North Dickinson’s eight-player football program drew national attention again.

Washington Post profiled Coach Mike Christian’s squad a couple years ago. The latest is from Chevrolet’s “New Roads” magazine, offering a nice spread of pictures and a story about the Nordics using a 2019 Traverse High Country for a week “to see how its flexible space would stand up to the team’s needs.”

Christian, according to writer Anne Nagro, drives some players to and from practice. That can be a trip of more than 30 miles. The Traverse was able to handle six football gear-wearing Nordics comfortably.

“I loved the whole vehicle,” Christian said.

As for the team in this “super community,” Christian likes the way football brings together student-athletes.

“By the end of the year they’re a team,” Christian said. “They’re sticking up for each other, they’re defending each other, they hang out together where they may not have before that.

“Most of the time by the end of the season they consider themselves family.”

Not sure if this is from FOX college football analyst Joel Klatt, “Steady Freddy” Jacobs or the Kalamazoo College baseball co-captain noting a “spiritual sense” at Michigan Stadium: “It’s like the mecca of college football, the heartbeat, the Colosseum.”

Bob McGinn, the UP and Pro Football Hall of Fame scribe from Escanaba, writes in The Athletic that tight ends over the past five games have torched the Green Bay Packers for 32 passes and 500 yards.

“Each week, opposing tight ends and wide receivers have been running free in the middle of the defense,” McGinn wrote. “It’s a telltale of a poorly coached unit, which starts with (defensive coordinator Mike) Pettine but also includes the seven assistant coaches working beneath him and coach Matt LaFleur.”

As for the Packers’ Rashan Gary, McGinn says the linebacker is “more akin to that of a late-round draft choice or free agent than the No. 12 pick in the draft.”

Milwaukee Brewers personnel collected $14,292.30 apiece for losing their wild-card game.
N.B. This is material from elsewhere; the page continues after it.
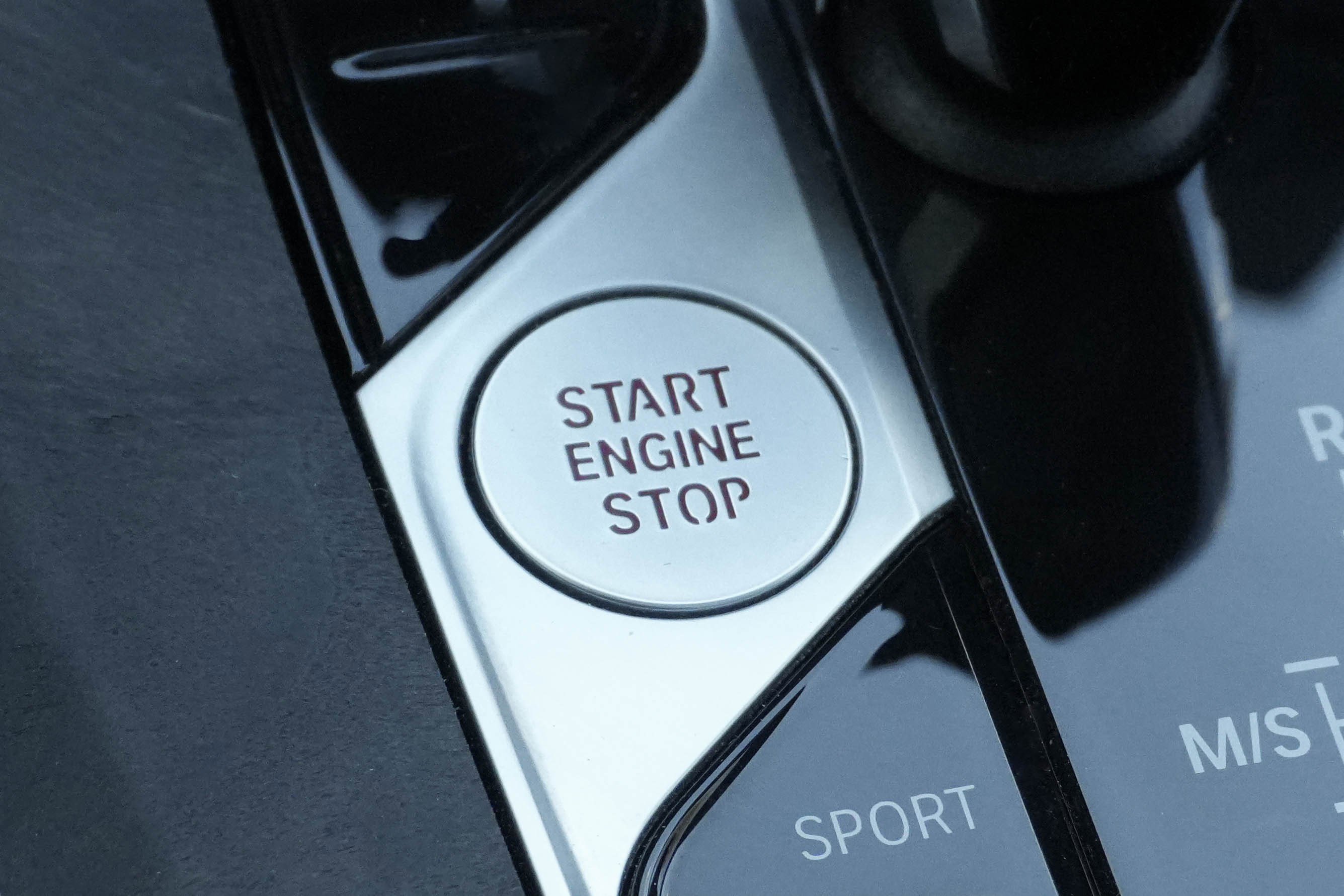 Used 2022 BMW X5 xDrive40i w/ M Sport Package image 27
The World Series-champion Nationals took home $382, 358.18.

Riley Angeli, one of my favorite nephews, works for the Nationals. Wonder if he got a cut? …

From Fox Sports’ Skip Bayless, on the Packers’ Aaron Rodgers passing for only 104 yards and 0-for-13 on third down against the 49ers: “Mr. Rogers could have done better than that.”

Chicago Tribune’s Phil Rosenthal wonders why the Brothers Osborne performed for the Lions-Bears game in Detroit: “Given the city’s heritage of rhythm and blues, rock, rap, hip hop, gospel, blues, jazz, punk and techno, who decided the city should be repped at halftime by a country music duo from Maryland?”